▸ **Work task**: Each line from the one containing "Unmanaged switch TENDA" through the last line of the data below is to be written out verbatim, and nothing more.

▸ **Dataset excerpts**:
※ ※ ※

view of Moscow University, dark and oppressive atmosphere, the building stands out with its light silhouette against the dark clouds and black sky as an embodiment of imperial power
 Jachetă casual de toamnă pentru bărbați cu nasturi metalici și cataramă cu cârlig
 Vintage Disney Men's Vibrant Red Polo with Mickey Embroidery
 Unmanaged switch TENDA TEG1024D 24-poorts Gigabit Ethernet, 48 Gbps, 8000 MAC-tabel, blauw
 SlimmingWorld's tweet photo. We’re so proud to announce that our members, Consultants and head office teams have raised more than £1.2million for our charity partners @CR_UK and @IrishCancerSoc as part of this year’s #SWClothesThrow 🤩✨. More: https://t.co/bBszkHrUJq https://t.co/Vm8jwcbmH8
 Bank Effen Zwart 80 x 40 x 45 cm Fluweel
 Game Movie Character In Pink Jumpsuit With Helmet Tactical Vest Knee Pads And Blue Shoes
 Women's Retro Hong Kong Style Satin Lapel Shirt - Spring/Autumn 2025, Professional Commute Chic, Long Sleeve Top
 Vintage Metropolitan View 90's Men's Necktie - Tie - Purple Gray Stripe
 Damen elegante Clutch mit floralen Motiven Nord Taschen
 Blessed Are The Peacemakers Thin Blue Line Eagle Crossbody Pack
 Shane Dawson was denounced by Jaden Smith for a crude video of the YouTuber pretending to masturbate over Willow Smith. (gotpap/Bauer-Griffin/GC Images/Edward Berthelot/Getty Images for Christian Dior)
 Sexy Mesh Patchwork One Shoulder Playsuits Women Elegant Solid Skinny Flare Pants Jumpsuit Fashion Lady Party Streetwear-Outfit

※ ※ ※

▸ **Written answer**:
 Unmanaged switch TENDA TEG1024D 24-poorts Gigabit Ethernet, 48 Gbps, 8000 MAC-tabel, blauw
 SlimmingWorld's tweet photo. We’re so proud to announce that our members, Consultants and head office teams have raised more than £1.2million for our charity partners @CR_UK and @IrishCancerSoc as part of this year’s #SWClothesThrow 🤩✨. More: https://t.co/bBszkHrUJq https://t.co/Vm8jwcbmH8
 Bank Effen Zwart 80 x 40 x 45 cm Fluweel
 Game Movie Character In Pink Jumpsuit With Helmet Tactical Vest Knee Pads And Blue Shoes
 Women's Retro Hong Kong Style Satin Lapel Shirt - Spring/Autumn 2025, Professional Commute Chic, Long Sleeve Top
 Vintage Metropolitan View 90's Men's Necktie - Tie - Purple Gray Stripe
 Damen elegante Clutch mit floralen Motiven Nord Taschen
 Blessed Are The Peacemakers Thin Blue Line Eagle Crossbody Pack
 Shane Dawson was denounced by Jaden Smith for a crude video of the YouTuber pretending to masturbate over Willow Smith. (gotpap/Bauer-Griffin/GC Images/Edward Berthelot/Getty Images for Christian Dior)
 Sexy Mesh Patchwork One Shoulder Playsuits Women Elegant Solid Skinny Flare Pants Jumpsuit Fashion Lady Party Streetwear-Outfit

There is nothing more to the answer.